A perfect slingshot long
Friday, June 30, 2006
Well I was away and I would not dream about being long or short into the announcement. Same for Non Farm payrolls or any other major announcement.
One of the priciple rules when you become a daytrader is to accept, that when you finish trading you are flat. You don't hold overnight, you don't hold a position while you are away for some hours. It's just part of the job description.
If you do, if you swing trade, if you allow yourself to take the risk of major announcements going against you, you are a swing trader. And as such you need to use different money management and also trade management rules than you use as a daytrader, who is capable of reacting immediatly.

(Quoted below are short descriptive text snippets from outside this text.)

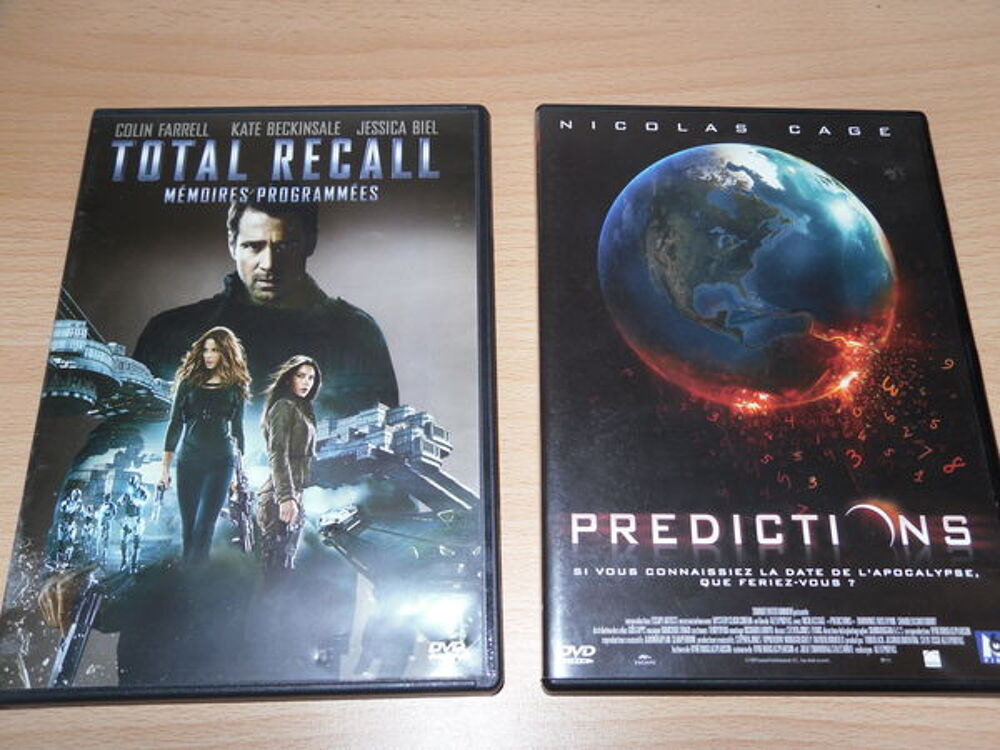 2 films Thriller : Total Recall (2012) &amp; Pr&eacute;dictions, Lot DVD et blu-ray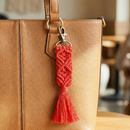 Hand Knotted Macrame Bag Charm Keychain in Red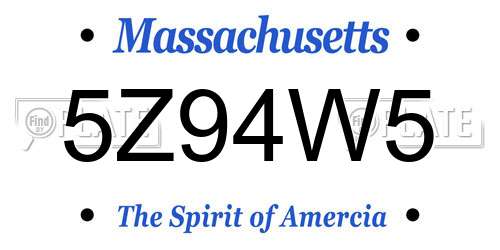 5Z94W5 Massachusetts License Plate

The worst thing you can do is switching roles because usually you do that, when a trade is going against you and you hope it will come back, if only you hold it 'till tomorrow or the end of the week.
Swing trades follow different rules than daytrades, so don't mix them.
Thursday, June 29, 2006
Look at the chart below.
Everything in me tells me Go Short, while I should be looking for Longs. If it's the other way around the chart going from upper left corner to the lower right one, I look for Longs, while I should be taking a Short.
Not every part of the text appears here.